This type of punishment has been around for thousands of years, from disfiguring criminals, tatooing them, and shaving the heads of female nazi collaborators to tar and feathering. Hell even Jesus's crucifiction was a form of public humiliation.

posted on Jul, 19 2006 @ 03:41 PM
public humiliation in this case might work. Besides being the laughing stock with the sandwich board stating he's a liar and a fraud, he will also become known for his crime and, therefore, he will no longer be able to do what he was doing without major risk of being spotted as "that moron with the sandwich board"

I was once working in a teen drug and alcohol abuse facility (ripping up the concrete floor while in college - me and two older dudes who broke every rule that facility had while we were there). There was always one or two kids wearing signs that said things like "I got caught sneaking a joint" or "I stole so I could get high"

This was an internal punishment that the home seemed to think would work. The kids we spoke too generally said that the risk of being caught and wearing that sign in front of your friends was a major factor in their not doing things. Not because they didn't want everyone to know they were doing drugs, or drinking etc. Rather, they didn't want anyone to know they were dumb enough to get caught.

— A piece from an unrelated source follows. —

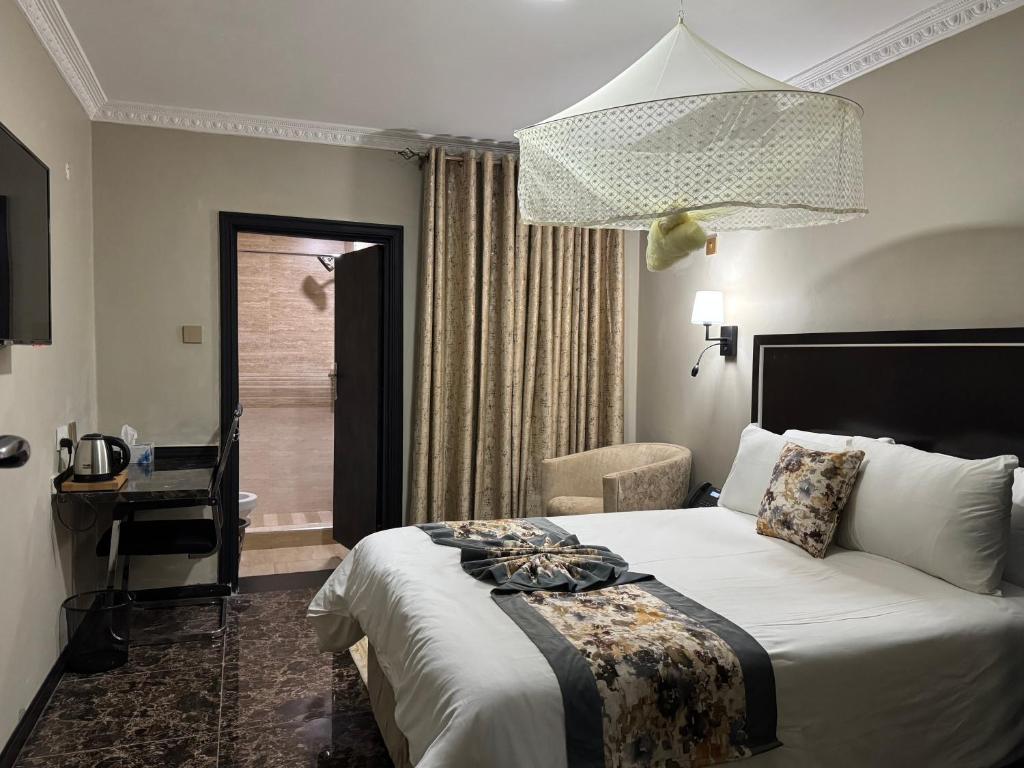 Ένα ή περισσότερα κρεβάτια σε δωμάτιο στο Annavilla7 Lilongwe hotel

posted on Jul, 19 2006 @ 06:31 PM
Let me preface this by saying I am all for public humiliation. Yet at the same time I wonder why the ACLU has not filed any lawsuits on this?

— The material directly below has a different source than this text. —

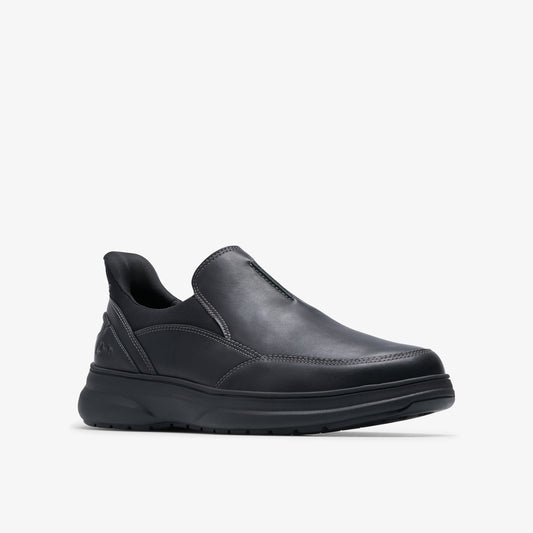 Black leather slip-on shoe with a rounded toe and thick black sole.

Certainly this is far worse then wearing a Dunce hat in school and they outlawed its use years ago.

What makes this any different then forcing a child to wear a Dunce hat? A Dunce hat never hurt anyone it just put them in their place as theses signs are doing.

posted on Jul, 19 2006 @ 07:10 PM
This seems to be a case of let the punishment fit the crime. what he did was clearly wrong but to put him in prison for 5 years seems a waste of taxpayer resources. Seems to me that he will think long and hard before doing something like this again. It might also encourage others to avoid breaking the law since none of us wish to be humiliated like this.

posted on Jul, 20 2006 @ 12:25 PM
Calling Ms. Hester Primm, yoohoo...Your scarlet letter awaits.

Just kidding...great idea. Certainly cheaper than keeping him locked up in a cell for five years. I feel like a road trip, just so I can heckle the guy for a few minutes

posted on Jul, 20 2006 @ 01:01 PM
One time, a while back, I was vacationing in Tuscana - I met a very lovely Italian gal named Maria Renee.

We became obsessed with one another until finally we could not resist temptaion a moment longer.

We slipped away , above her grandmothers produce store to become a bit more familiar with each other.

The store front was made of wood. OLD wood becomes weak.

As we were indulging in the pleasure of the body, the store front ceiling ( the floor to us ) gave way and we fell about 8 feet to the dirt entry way below.

It was the busiest time of the shopping weekend and about 100 people found our compromising situation very humorus. Her Grandma did not.

Was it public? - OH YES

Was it humiliation? - TO SAY THE LEAST


Case study now complete.

[edit on 20-7-2006 by Mr Beezer]

posted on Jul, 20 2006 @ 01:16 PM
...I don't know what to think of public humiliation....depending on what that -humiliation- is.....I certainly am against public beheadings or public nudity. So in a sense I am against it because no one has stated any limitations. However I am not against the death-penalty. I think the death-penalty is better than public-humiliation, and community service for minor crimes has more benefits than public-humiliation as well. You humans....

posted on Jul, 20 2006 @ 08:55 PM
Can there be anything more humilitating than to be fined and sentenced to prison? When a person does what this mock Marine has done, he is fraudulently enhancing his reputation for a selfish cause at the expense of those who have earned the right to be called Marines. To deprive him of that reputation publicly and to label him for what he actually is might be humilitating, but it is far better than the alternative and it just might do a better job of not only punishing the offender, but also detering others from doing the same.